SUBURBIA DELENDA EST, by Bill Bonner
"It was the flight to suburbia [after 1929] that smashed land values in the big cities. That mighty blow to the economic centers of the country helped to bring on the Great Depression." ..... Jack Lessinger
A few months ago a friend, keeping me abreast of the hometown news, sent a clipping.
"La Plata Destroyed by Tornado," said the news article. The accompanying photograph showed several buildings leveled...with bits of vinyl siding scattered on the ground and fiberglass insulation hanging from a surviving tree as though it was Spanish moss.
The report told how 3 or 4 people were killed when a twister let loose and went through the Southern Maryland town.
"Small price to pay to rid the world of La Plata," your editor thought to himself. Even the debris was embarrassing. A decent building would have yielded at least a pile of bricks or stone. This stuff was so light the cyclone must have ripped it apart like a child opening a birthday present and carried it across the bay. They're probably still finds bits of aluminum siding and quarter-inch plywood over on the Eastern shore.
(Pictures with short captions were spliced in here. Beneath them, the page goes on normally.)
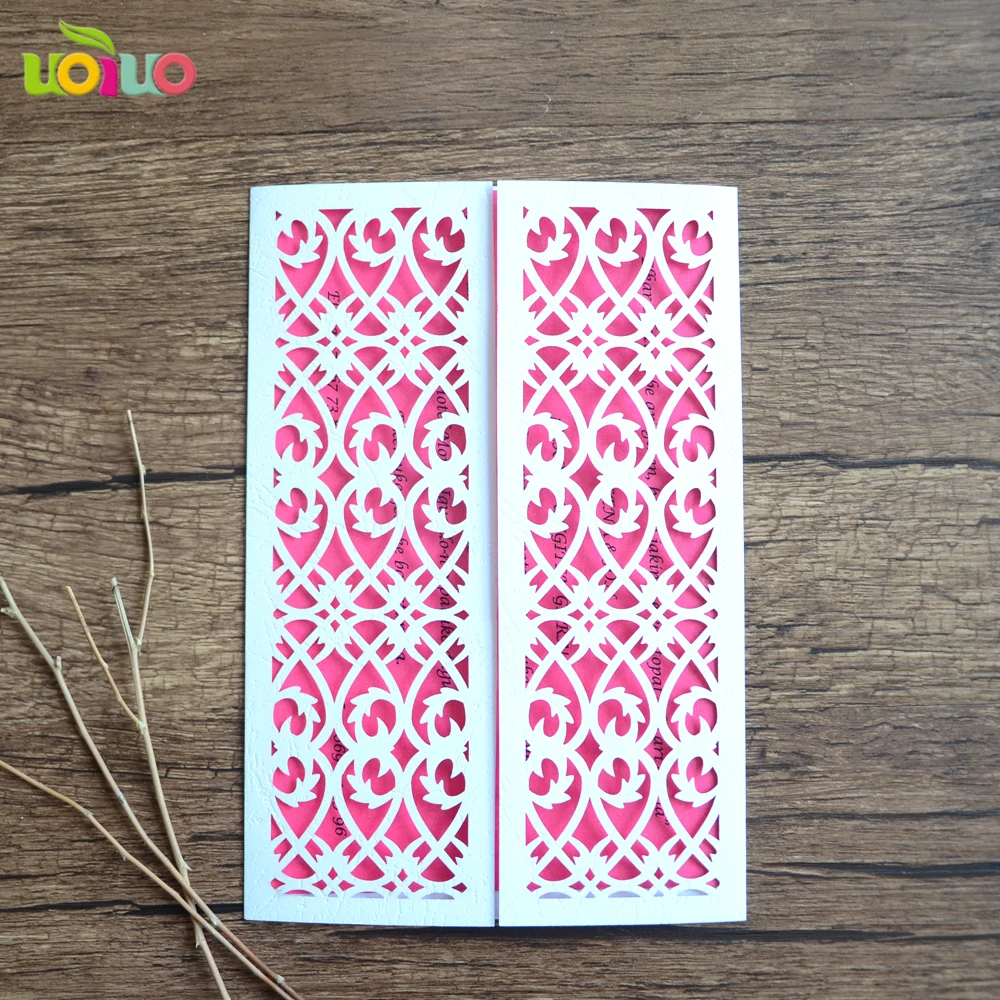 

20pcs free shipping Laser cut GATE Invitation Card various color wedding favor invitation card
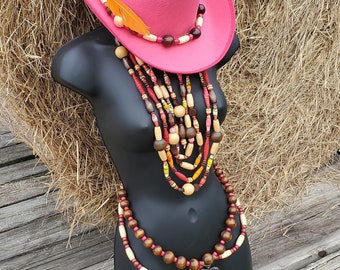 Rodeo Rose" Hot Pink Cowgirl Ensemble, Necklace, Belt, Bracelet, Cowgirl Hat, Pink Cowgirl Hat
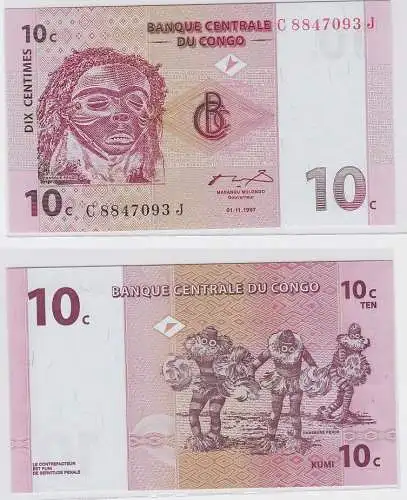 10 Centimes Banknote Banque Centrale du Congo 1997 (123345)
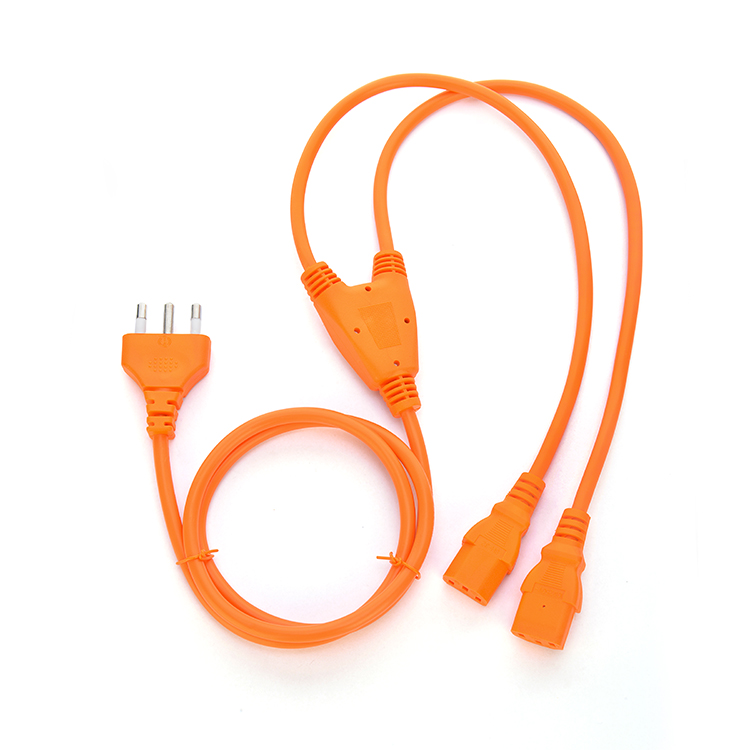 IMQ Certificated Computer Power Cord Y Splitter 3pin Plug with 2 Way C13 Plug Socket WIFI NO Grounding Standard Grounding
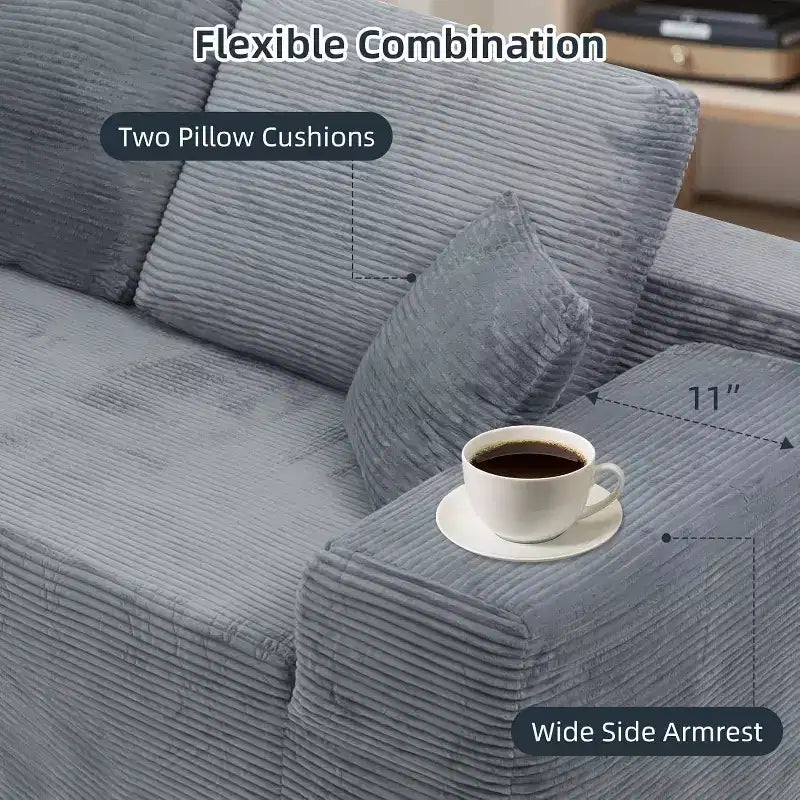 Divano componibile MooxvMoo 105 con cuscini e seduta profonda, nessun assemblaggio richiesto, comodo divano a L in velluto a coste con chaise longue, grigio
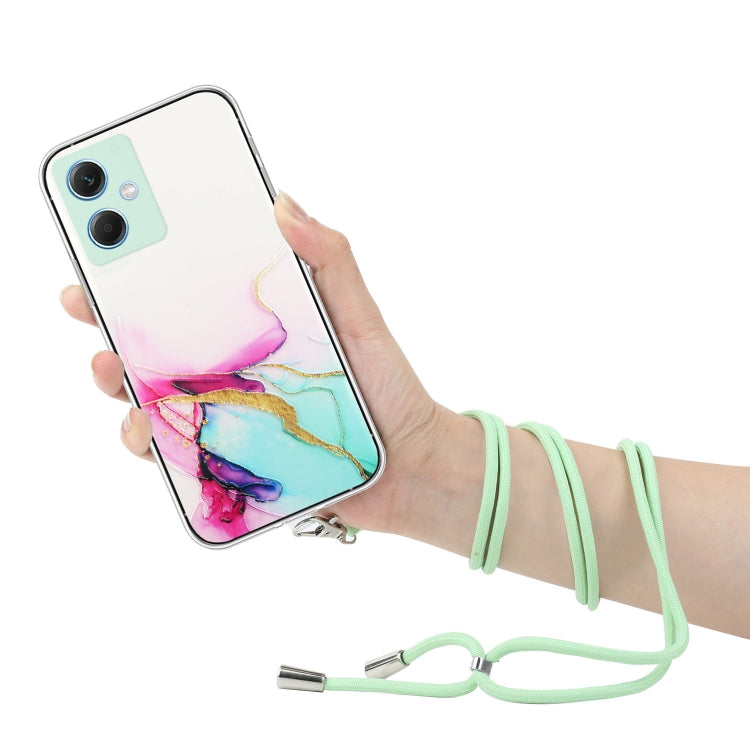 For Xiaomi Redmi Note 12 China Hollow Marble Pattern TPU Shockproof Phone Case with Neck Strap Rope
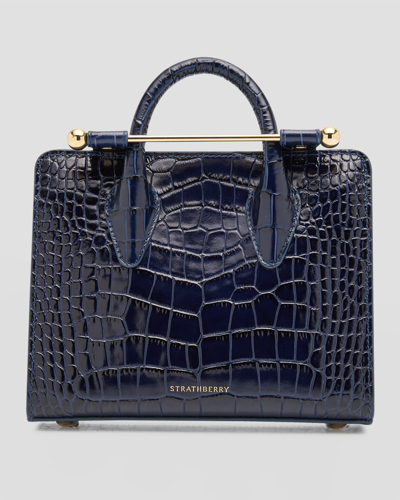 Strathberry Women's Nano Croc-embossed Leather Tote In Navy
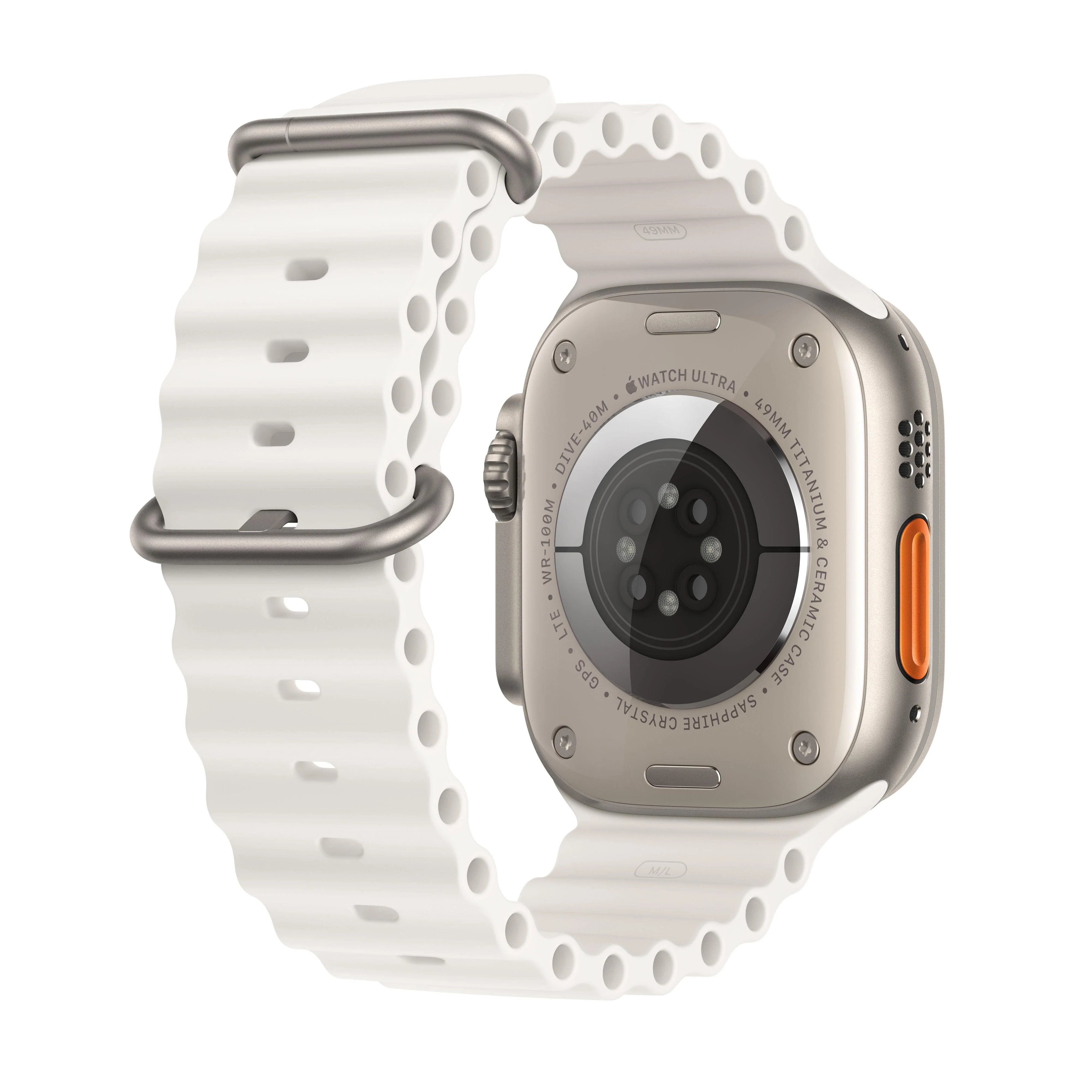 Apple Watch Ultra GPS + Cellular, 49mm Titanium Case with White Ocean Band - Image 3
La Plata was once a fairly decent little burg. Your correspondent recalls his first summer job. Working for a building contractor, he was given 5 minutes instruction and put to work painting the new bank in the center of town. As the white paint dripped down his arm, he felt a little pride in having gainful employment and on contributing to a handsome building - for the bank was built on the colonial theme, out of brick with white trim (and the occasional serendipitous splash of white paint on red brick, courtesy of your editor).
Years later, Route 5 coming out of Washington was widened, and in came the commuters, the shopping malls, auto dealers, and almost every imaginable commerce that a man can put a price behind and parking lot in front of. Hamburgers, pizza, Chinese takeout, tacos...muffler replacement, tires, lubrication...once the division of labor took hold, there seemed no stopping it. You had only to drive along in the far right lane, keep your eyes open...and anything you might want would soon appear, advertised on a billboard. And so convenient!
European cities are different from Americans ones: people want to live in them.
Prices in Paris have risen sharply in the last 5 years. A one-bedroom apartment of just 500 square feet sells for $300,000. The closer to the center of town, the higher the price. And no wonder, in the center of European towns, you find good restaurants, movies, bars, clubs, museums - sidewalk cafes and street life. At 6PM on a Friday afternoon, when the weather is good, a person can scarcely find an empty chair at the Paradis across from our office.
By contrast, downtown Washington, at the vesper hour, is deserted.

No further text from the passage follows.